TASK INSTRUCTIONS:
Using the listing below, print the line containing "Porte Documents A4", the line containing "2 st 10mm Universella", and each line between them, exactly and nothing else. Pictures stay out of the print.

DATA EXCERPTS:
[Start of section]

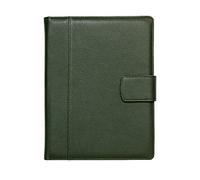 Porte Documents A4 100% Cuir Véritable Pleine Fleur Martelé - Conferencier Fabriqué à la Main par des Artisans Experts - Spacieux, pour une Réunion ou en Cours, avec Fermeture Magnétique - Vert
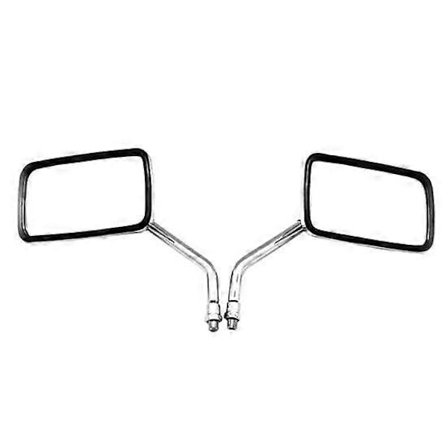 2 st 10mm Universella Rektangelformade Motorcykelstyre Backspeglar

[End of section]
[Start of section]

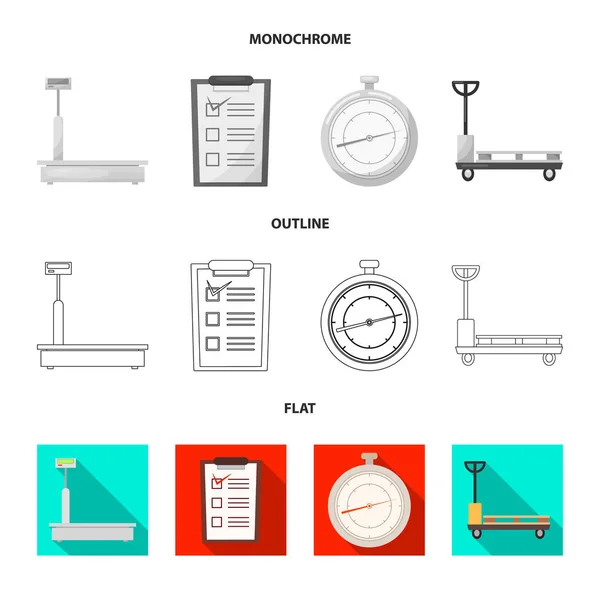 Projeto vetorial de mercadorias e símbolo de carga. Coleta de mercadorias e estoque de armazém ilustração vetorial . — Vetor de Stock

[End of section]
[Start of section]

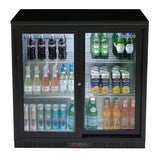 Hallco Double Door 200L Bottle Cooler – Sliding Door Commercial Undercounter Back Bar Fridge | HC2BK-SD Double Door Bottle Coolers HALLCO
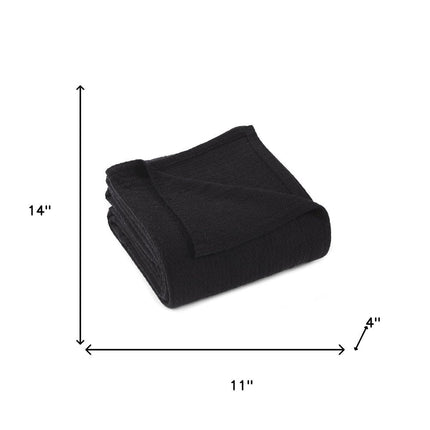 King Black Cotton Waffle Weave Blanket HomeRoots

[End of section]

SOLVED PROBLEM:
 Porte Documents A4 100% Cuir Véritable Pleine Fleur Martelé - Conferencier Fabriqué à la Main par des Artisans Experts - Spacieux, pour une Réunion ou en Cours, avec Fermeture Magnétique - Vert
 2 st 10mm Universella Rektangelformade Motorcykelstyre Backspeglar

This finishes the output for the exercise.